The State Attorney General’s Office, banking associations (AEB, CECA, and UNACC), and the Bank of Spain have today signed a collaboration protocol to guarantee the autonomy of people with disabilities in relation to banking services and products. The agreement has been signed by the Director General of Financial Conduct and Banknotes of the Bank of Spain, Alberto Ríos; by the Public Prosecutor for Disability and the Elderly, María José Segarra; and by the general secretaries of the three banking associations: Javier Rodríguez, from AEB; Fernando Conlledo, from CECA; and Cristina Freijanes, representing UNACC.

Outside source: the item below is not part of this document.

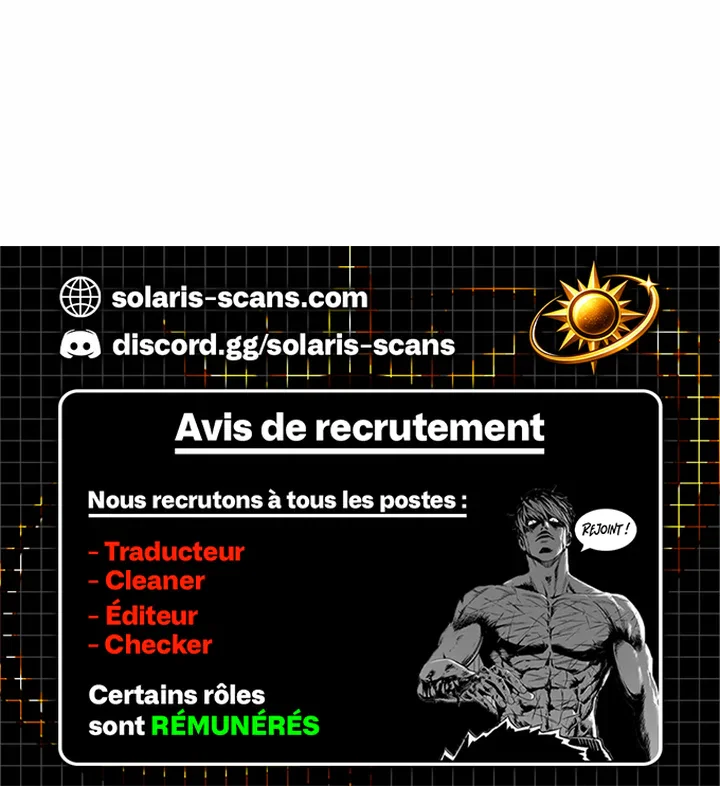Chronicle of Runes Chapitre 20 - Page 15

The agreement establishes the channels for banking practices to adapt to the new legal treatment of disability outlined by legislation (Law 8/21), which empowers people with disabilities to make their own decisions autonomously. It also aims to collaborate in progressively promoting the necessary adaptations so that they can operate independently in the banking sector, including, among others, information in accessible language.

The agreement also foresees the establishment of a stable working group, within which the role that the new support figures recognized by the disability law should play will be studied, and the practical issues arising from its application will also be analyzed, combining them with the legal certainty required by banking activity.

The aforementioned regulation eliminated incapacitations and, with them, legal guardians, decriminalizing the lives of people with disabilities and establishing a system for providing support, in which the de facto guardian acquires special relevance. This figure constitutes a type of informal support, without judicial endorsement, typically exercised by family members, and its role in banking operations has already been channeled into a consensual document, which will be published immediately.

The signed protocol envisages a dynamic operation for the working group, which will address the problems that compliance with the law reveals in the day-to-day banking operations, so that not only solutions are proposed, but these are also applied quickly and efficiently for the benefit of the collective, whose rights are one of the duties of the Public Prosecutor’s Office.

The signing ceremony took place at the Bank of Spain’s headquarters. This institution, which signed the agreement as an observer, will participate as such in the working group, given its functions of supervising compliance with customer protection regulations for credit institutions and promoting the inclusion of vulnerable people in banking services.

ASSET PROTECTION PROTOCOL

The Public Prosecutor’s Office and banking associations have also signed a second complementary protocol, which aims to protect the financial interests of people with disabilities or those in certain vulnerable situations.

This agreement articulates fluid communication between banks and the territorially competent public prosecutor’s offices to report situations that may endanger the economic security of the account holder, by revealing instances of abuse or undue influence on their will, which will trigger an investigation by the Public Prosecutor’s Office.